Three months later, Diego stood in a courthouse again.
This time, he was not in chains.
The judge vacated his conviction after reviewing the new evidence. The courtroom was full, but Diego heard only one thing clearly: his name being restored. Not gifted. Restored. The record would no longer call him guilty.
Outside the courthouse, reporters shouted questions.
“Diego, do you forgive the Montenegros?”
“Are you suing them?”
“What happens next?”
Diego stopped for only one answer.
“I lost two years of my life,” he said. “I won’t lose one more day explaining myself to people who chose not to believe me.”
Then he walked away beside Gabriel and Aurora.
But the Montenegros were not finished paying.
The civil lawsuit came next. Gabriel’s legal team filed claims against Mateo, the Montenegro family estate, and the attorneys who had helped suppress evidence. The settlement became one of the largest private wrongful conviction settlements in New York history: $48 million, plus a public apology, plus full cooperation in the case against Mateo.
Ernesto tried to resist.
Gabriel made one phone call.
The banks called in the Montenegro loans.
The family mansion on Fifth Avenue was listed for sale two weeks later.
Their Hamptons home followed.
The private jet disappeared.
The luxury cars were quietly auctioned.
For the first time in their lives, the Montenegros learned what it felt like to lose things they thought made them untouchable.
Carmen tried to reach Diego many times.
She sent letters first.
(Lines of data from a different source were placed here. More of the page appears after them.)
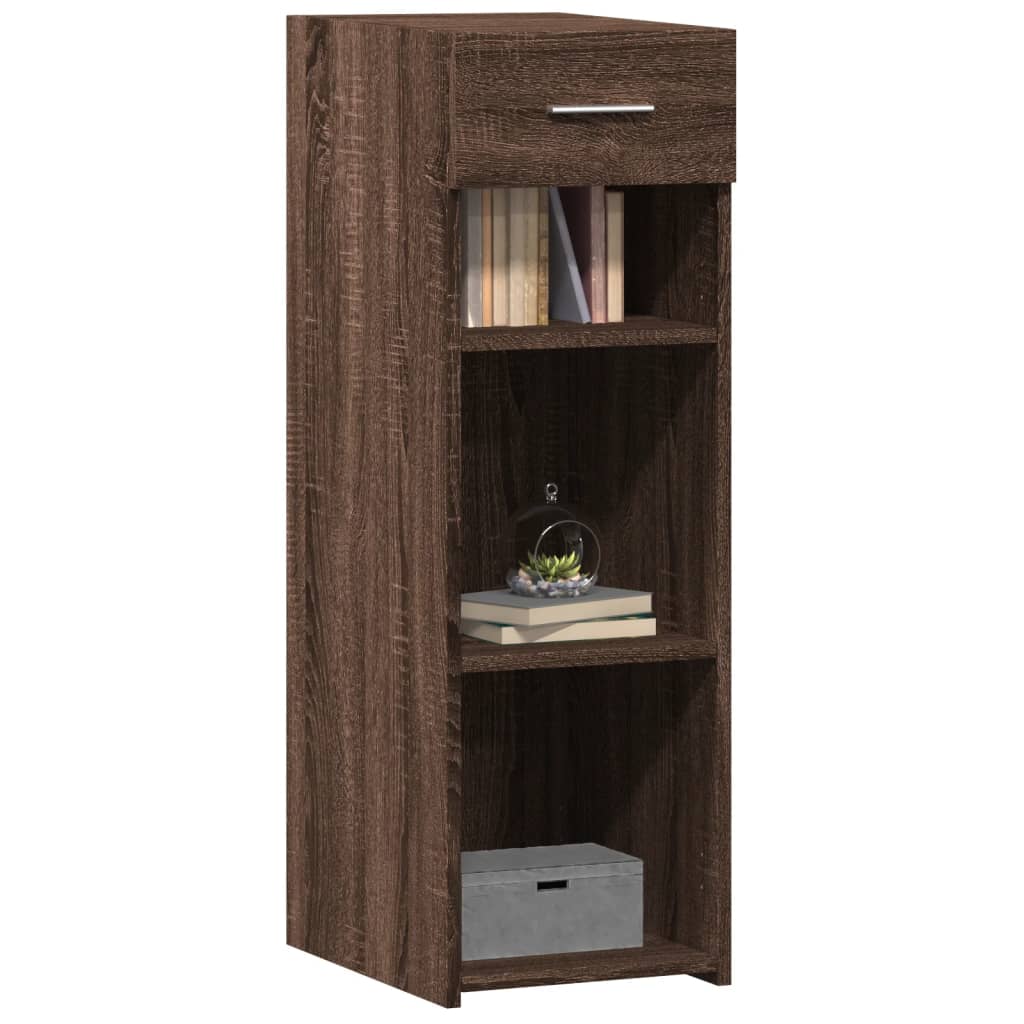 Buffet chêne marron 30x42,5x93 cm bois d'ingénierie - XIOS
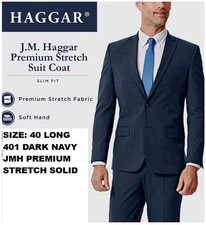 DARK BLUE SIZE: 40 LONG J.M. Haggar JMH PREMIUM Suit Jacket Dark Blue SLIM Fit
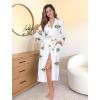 image:imageEkouaer Womens Robe Long Knit Kimono Bathrobe Lightweight Sleepwear Soft Ladies Loungewear with Pockets SXXLBlue Eyes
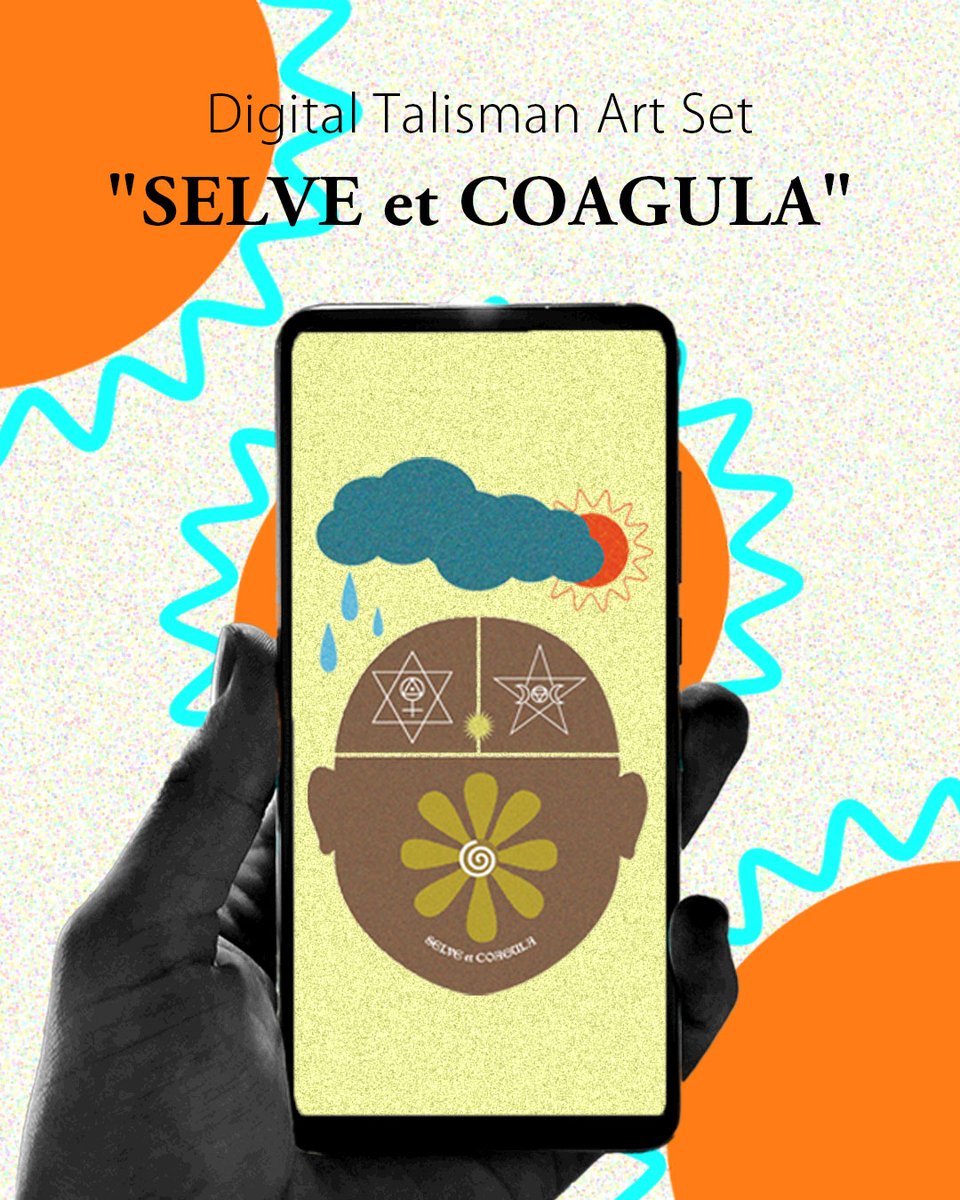 c000003's tweet photo. Digital Talisman "SELVE et COAGULA"

A Brain Magic OS to anchor "Love yourself first" into reality. Tune your vibration to the Zero Point.

📱Wallpaper (JPG) &amp; 🕯️Altar Art (PDF) 

👇https://t.co/9h1Av9vFnT

#chai_chai #Whimsigoth https://t.co/zsQ4ImpPGg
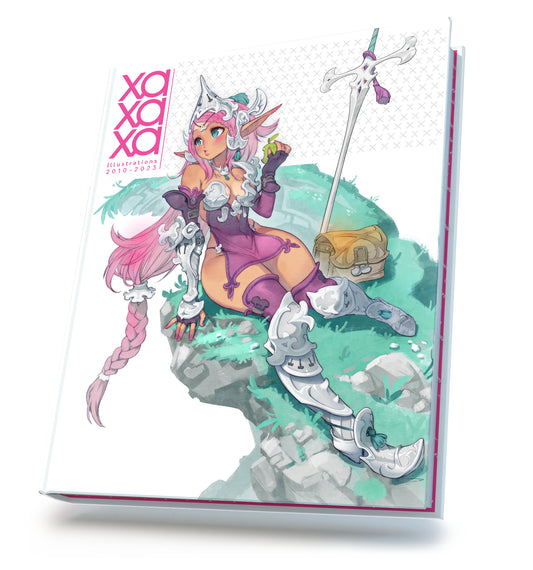 Artbook "xaxaxa Illustrations" + Dedicace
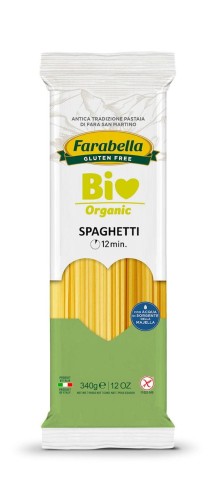 MAKARON (KUKURYDZIANO - RYŻOWY) SPAGHETTI BEZGLUTENOWY BIO 340 g - FARABELLA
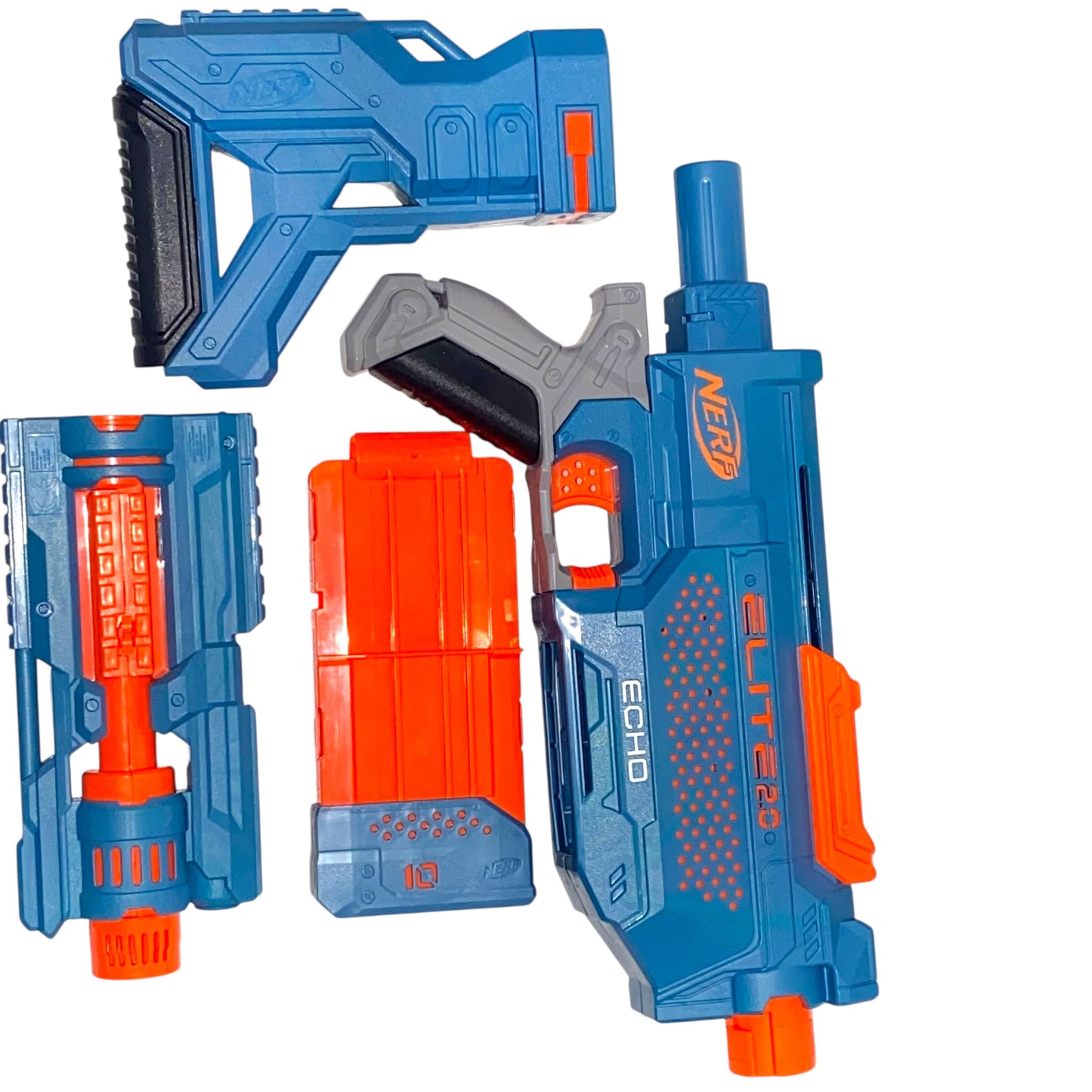 NERF Elite 2.0 Echo CS-10 Blaster mit Zubehör für Kinder ab 8 Jahren ✅
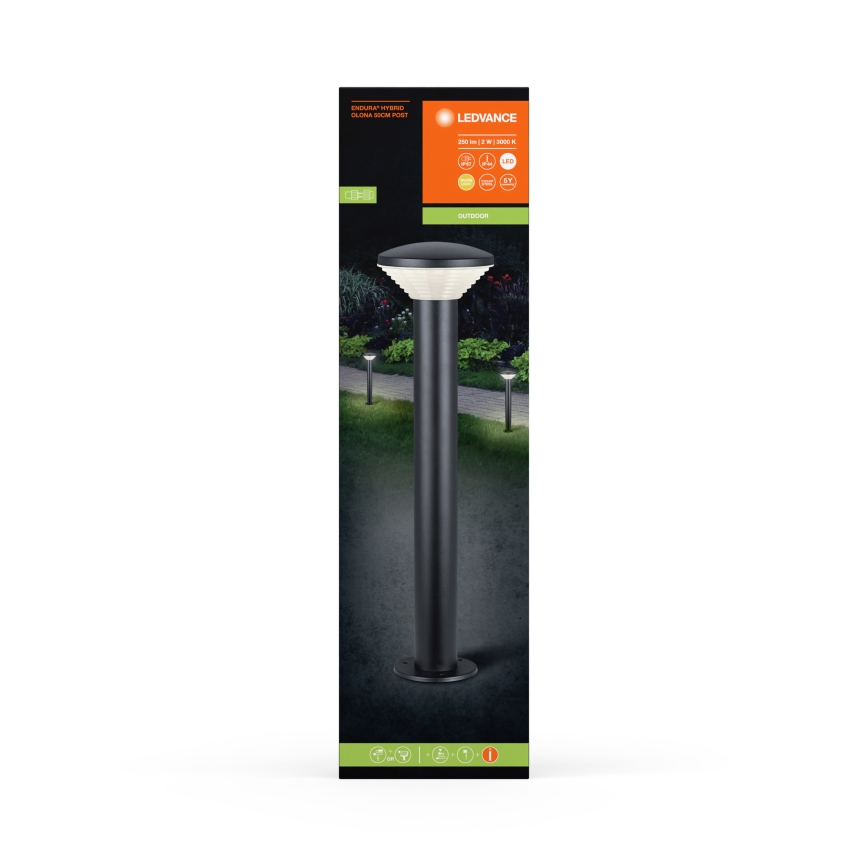 Ledvance - LED-lampa för utomhusbruk ENDURA HYBRID OLONA LED/2W/12V IP44
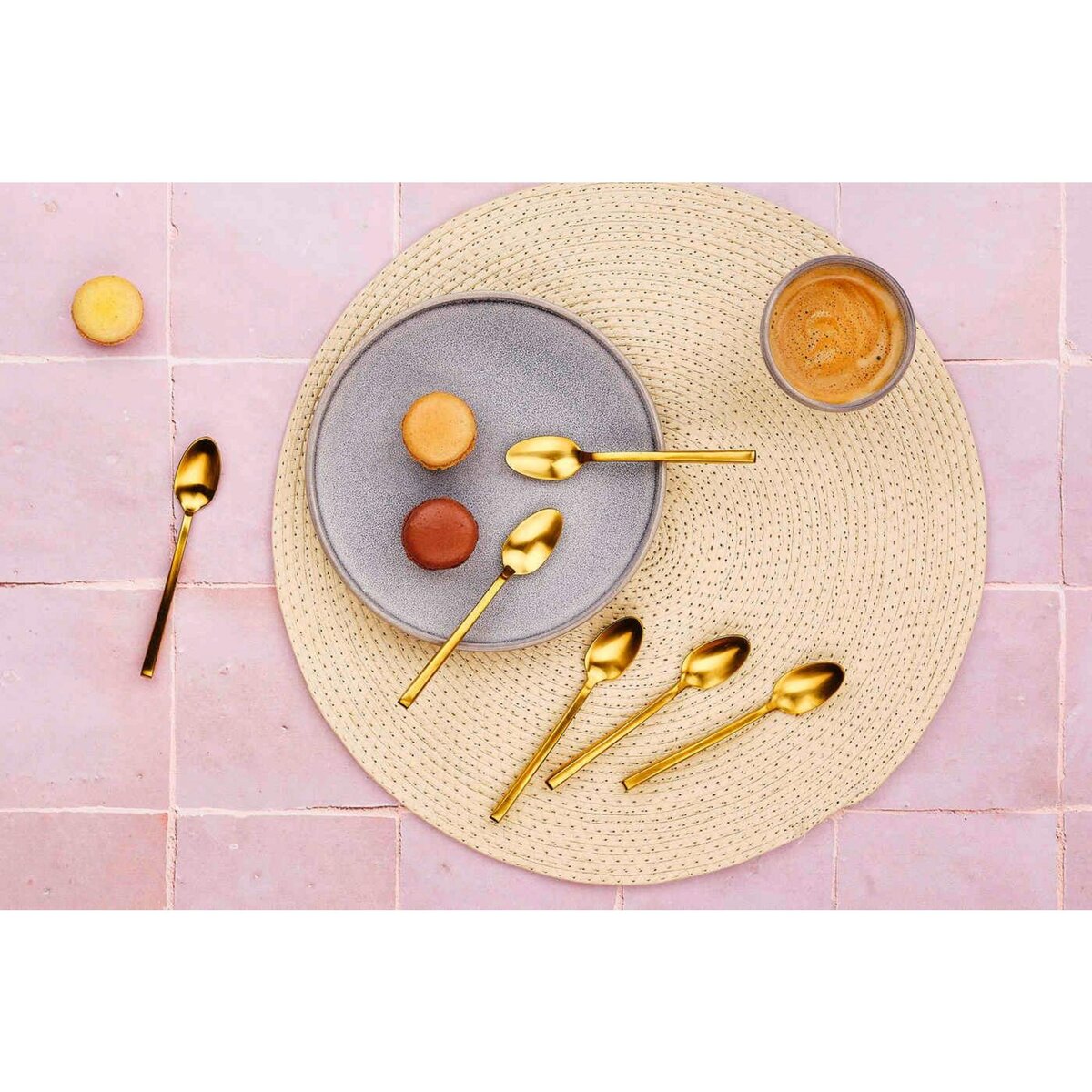 BJORN Coffret 6 petites cuillères OLAF - Gold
Long, tear-stained pages filled with apologies, memories, excuses, and prayers. She wrote that she had been blinded by fear. She wrote that she had loved him from the moment she knew he was her son but did not know how to show it. She wrote that every night she dreamed of him standing in court, looking at her like she was a stranger.
Diego read the first letter.
Then he placed it in a drawer and never opened the rest.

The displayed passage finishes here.